Assignment> Leave the images out, and copy each of the records below exactly.

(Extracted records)
# # # #
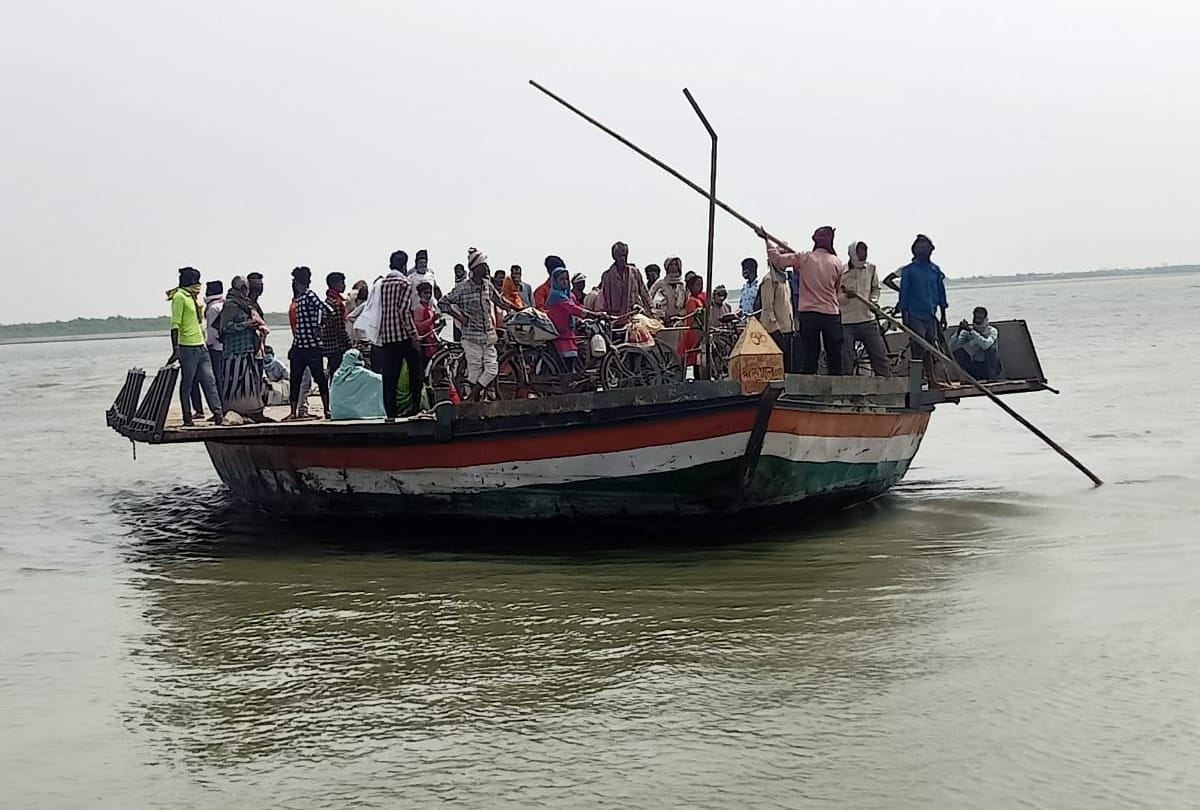 Small boat sunk in Gandak river at kushinagar
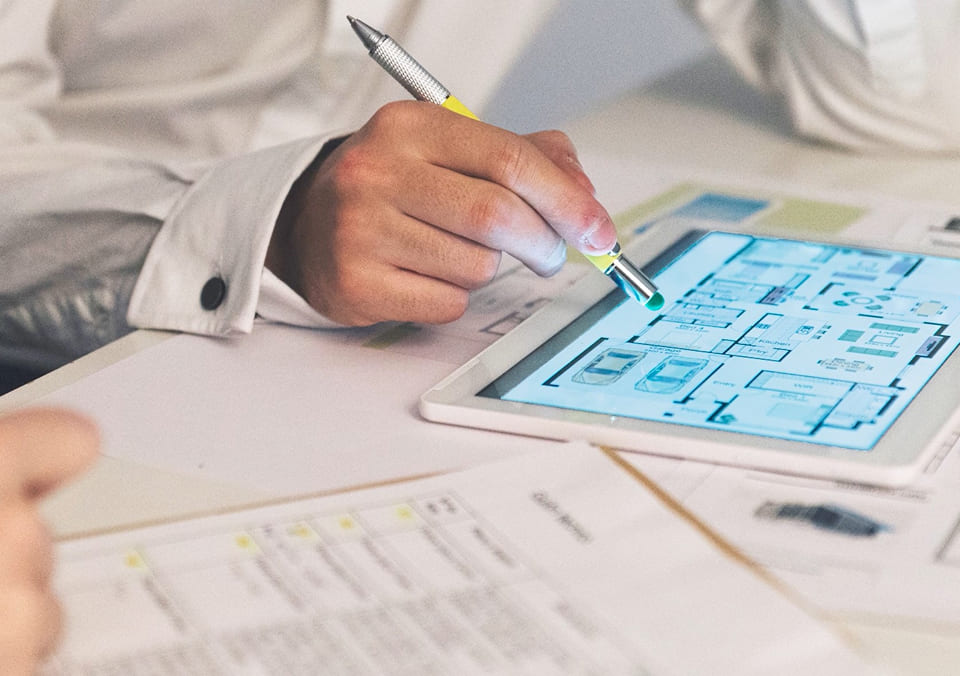 スケジュール管理と調整の作業風景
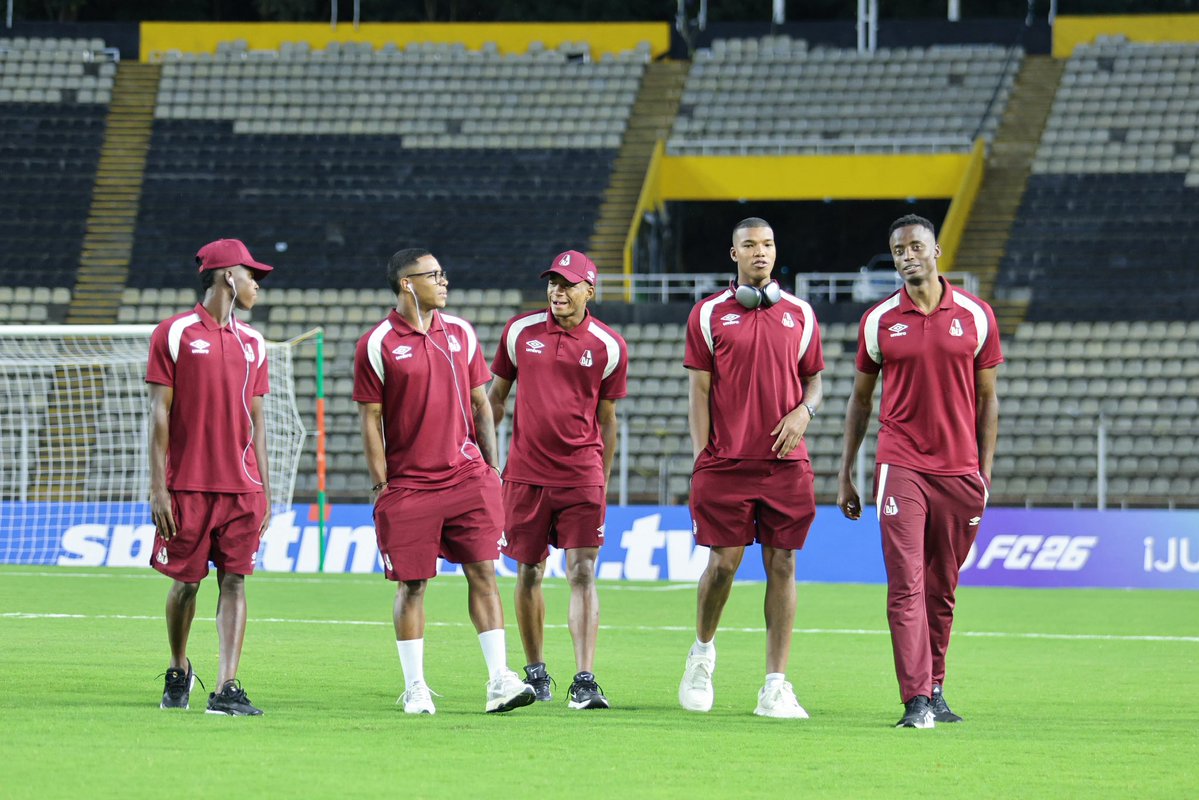 Reconocimiento de campo en el Polideportivo de Pueblo Nuevo, casa del <a href="/DvoTachira/">Deportivo Táchira FC</a> en San Cristóbal, Venezuela.  

Previa del partido ida en la fase 2 de la Copa Conmebol <a href="/Libertadores/">CONMEBOL Libertadores</a>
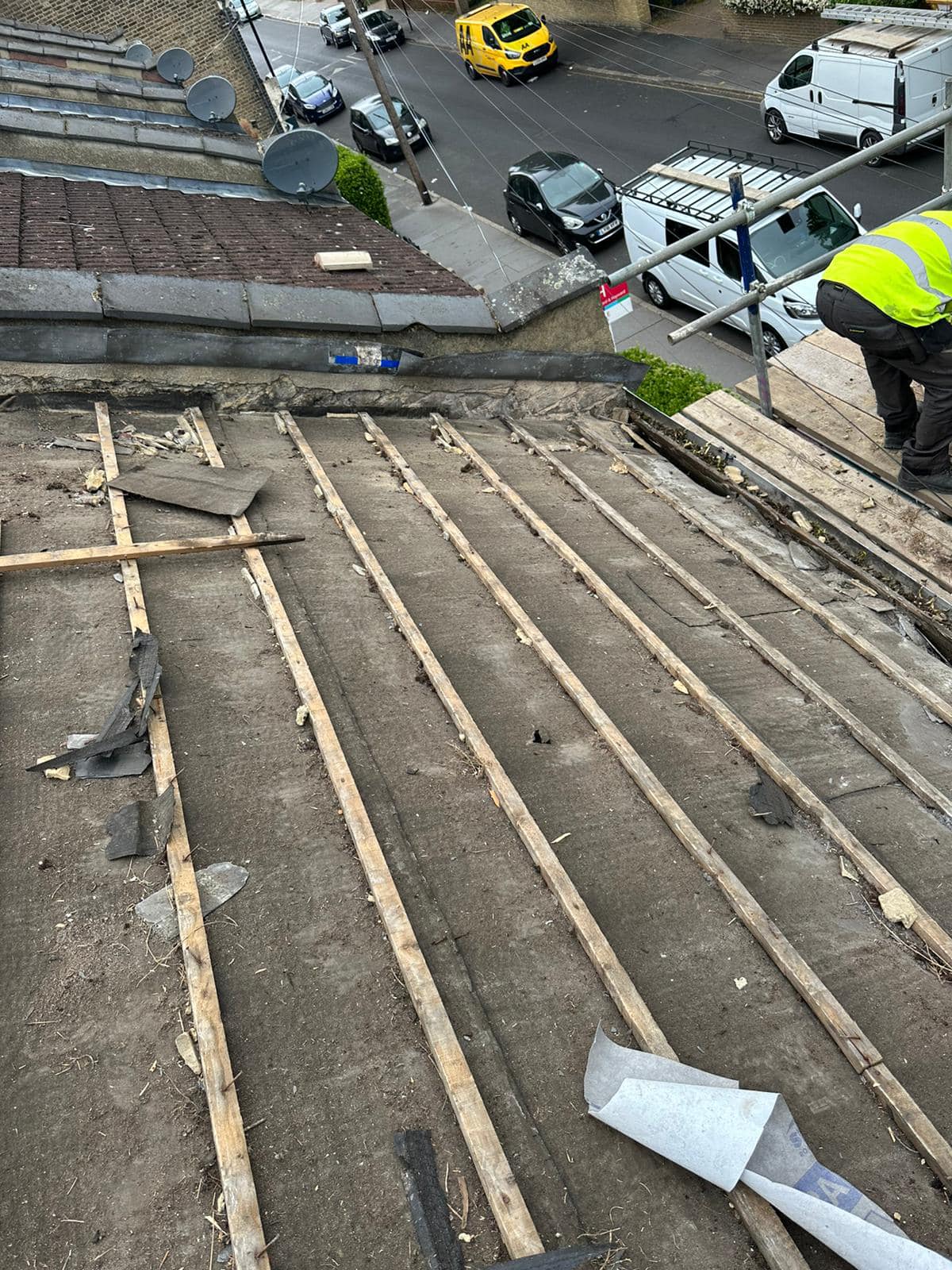 Commercial roof restoration in Canary Wharf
# # # #
Response area>
 Small boat sunk in Gandak river at kushinagar
 スケジュール管理と調整の作業風景
 Reconocimiento de campo en el Polideportivo de Pueblo Nuevo, casa del <a href="/DvoTachira/">Deportivo Táchira FC</a> en San Cristóbal, Venezuela.  

Previa del partido ida en la fase 2 de la Copa Conmebol <a href="/Libertadores/">CONMEBOL Libertadores</a>
 Commercial roof restoration in Canary Wharf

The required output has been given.